REQUIRED WORK:
Once the line holding "this 1270×952 image." is found, output it and all remaining lines of the data exactly, with every picture left out.

= = = = =

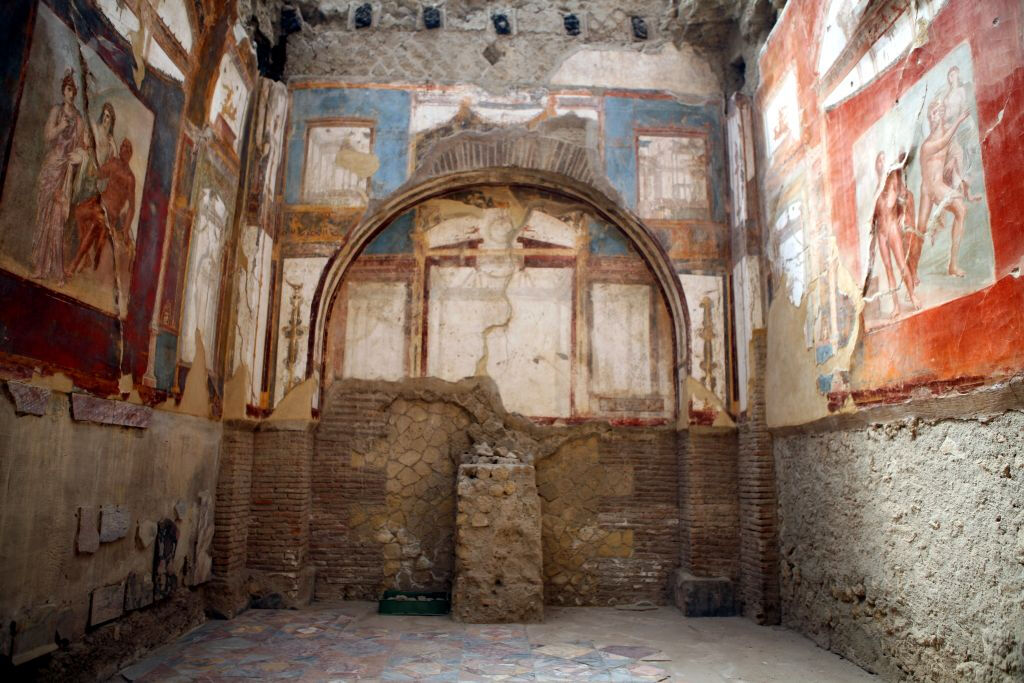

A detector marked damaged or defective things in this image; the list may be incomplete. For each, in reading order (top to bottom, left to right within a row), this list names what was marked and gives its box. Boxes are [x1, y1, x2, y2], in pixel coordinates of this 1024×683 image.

partially damaged artwork [0, 4, 154, 318]
cracked wall surface [780, 408, 1020, 680]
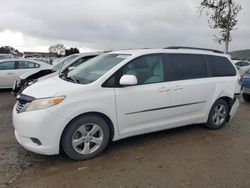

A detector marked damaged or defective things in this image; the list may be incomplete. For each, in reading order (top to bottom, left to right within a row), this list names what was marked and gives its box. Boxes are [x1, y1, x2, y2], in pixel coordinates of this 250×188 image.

crumpled hood [21, 75, 81, 98]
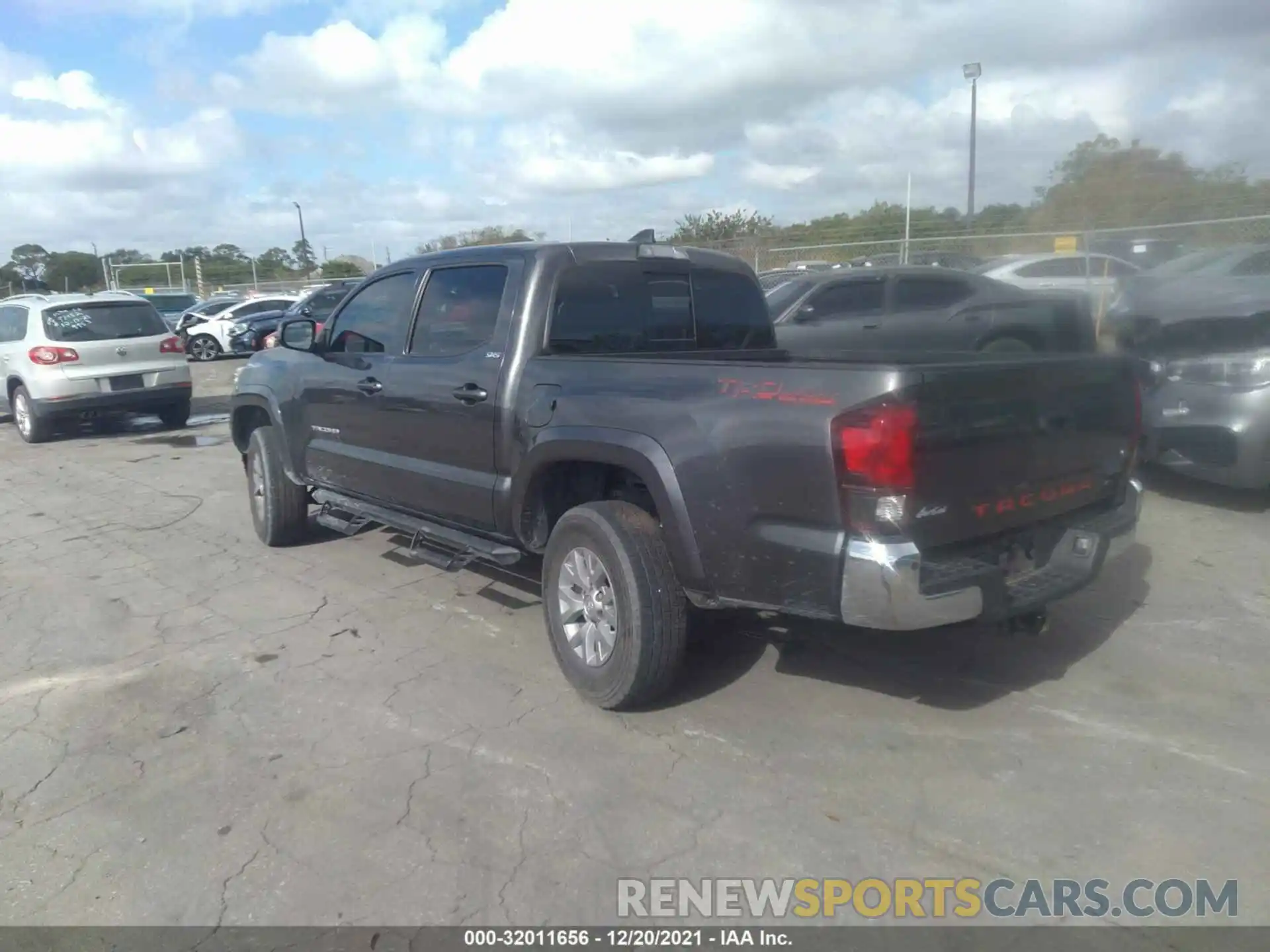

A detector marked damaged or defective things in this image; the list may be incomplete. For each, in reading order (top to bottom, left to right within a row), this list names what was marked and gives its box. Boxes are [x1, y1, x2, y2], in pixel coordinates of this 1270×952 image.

cracked concrete pavement [2, 360, 1270, 929]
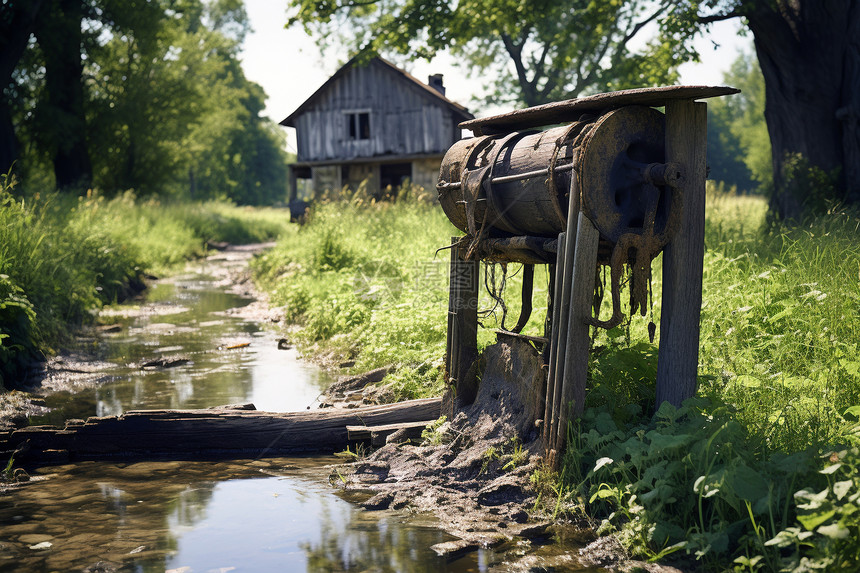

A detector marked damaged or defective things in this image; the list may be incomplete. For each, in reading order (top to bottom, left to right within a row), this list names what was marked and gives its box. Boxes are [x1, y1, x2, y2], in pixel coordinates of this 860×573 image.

rusty winch [436, 86, 740, 470]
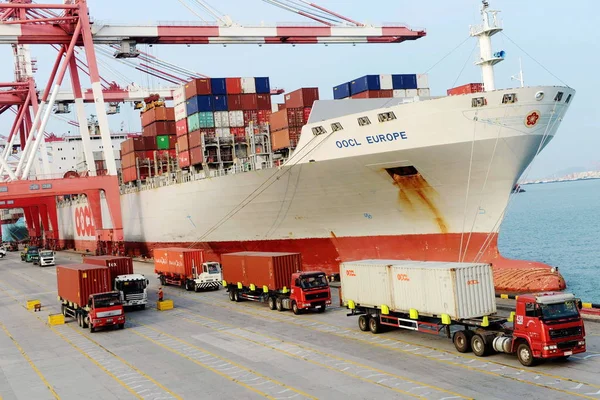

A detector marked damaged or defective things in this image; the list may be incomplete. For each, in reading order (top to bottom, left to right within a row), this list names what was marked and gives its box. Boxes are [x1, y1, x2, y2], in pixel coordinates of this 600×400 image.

rust stain on hull [386, 172, 448, 234]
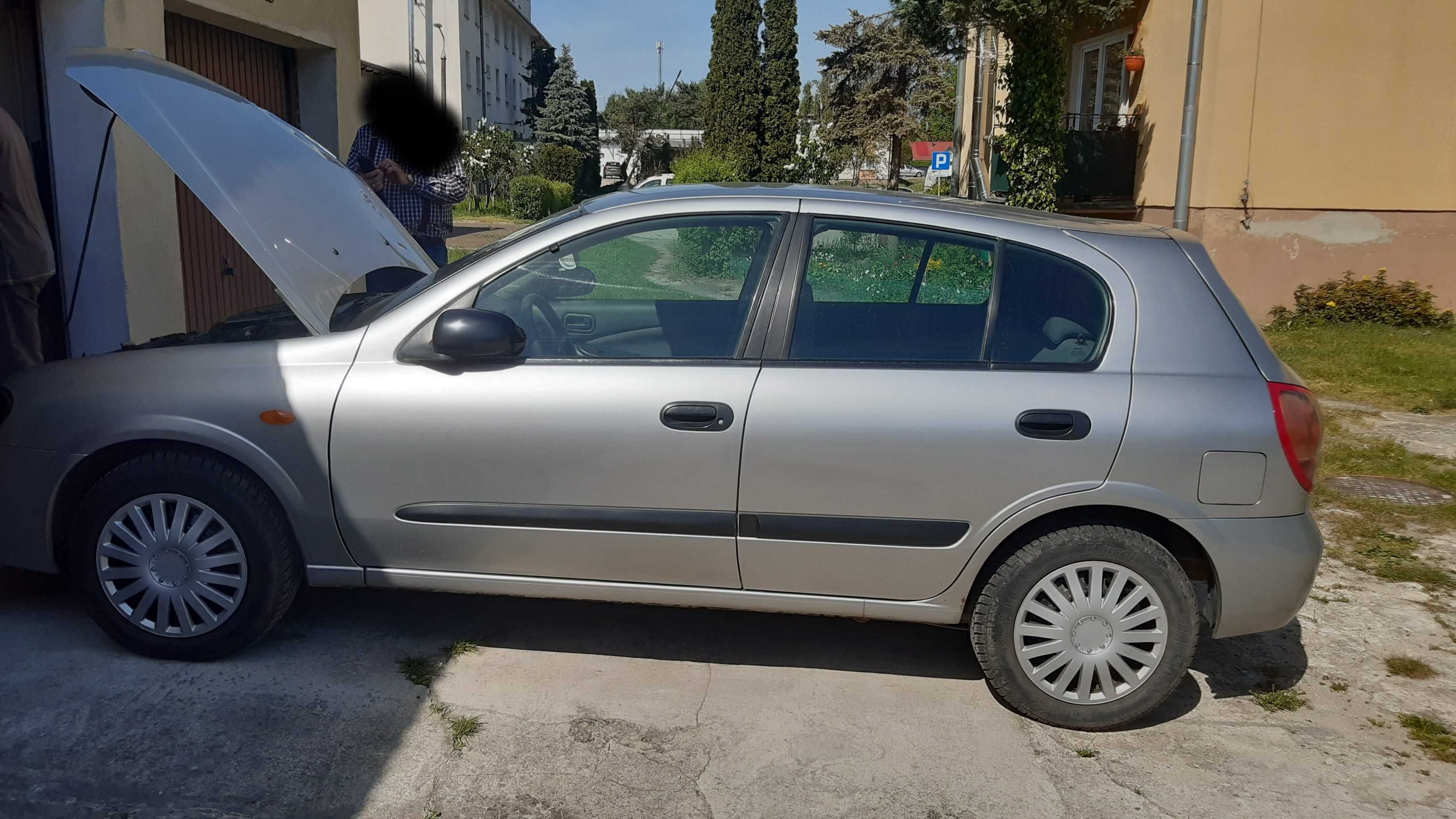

= = = = =

ANSWER FOR THE TASK:
A detector marked damaged or defective things in this image; the list may be incomplete. For each, in reading order (top to bottom, left to right within a row), this list names what was marked and gives its box. Boxes are [x1, y1, x2, y2], in pixel coordinates of this 1270×952 image.

cracked concrete pavement [2, 360, 1270, 929]

A detector marked damaged or defective things in this image; the list may be incomplete. For each, in reading order (top to bottom, left to right within a row), this list names what was marked and gives its box. Boxes are [x1, y1, x2, y2], in pixel coordinates of this 860×573 image.

rusty winch [436, 86, 740, 470]

A detector marked damaged or defective things in this image; the list may be incomplete. For each, in reading order (top to bottom, left to right within a row), this list names what was marked and gives its box. Boxes are [x1, y1, x2, y2], in pixel coordinates of this 600×400 image.

rust stain on hull [386, 172, 448, 234]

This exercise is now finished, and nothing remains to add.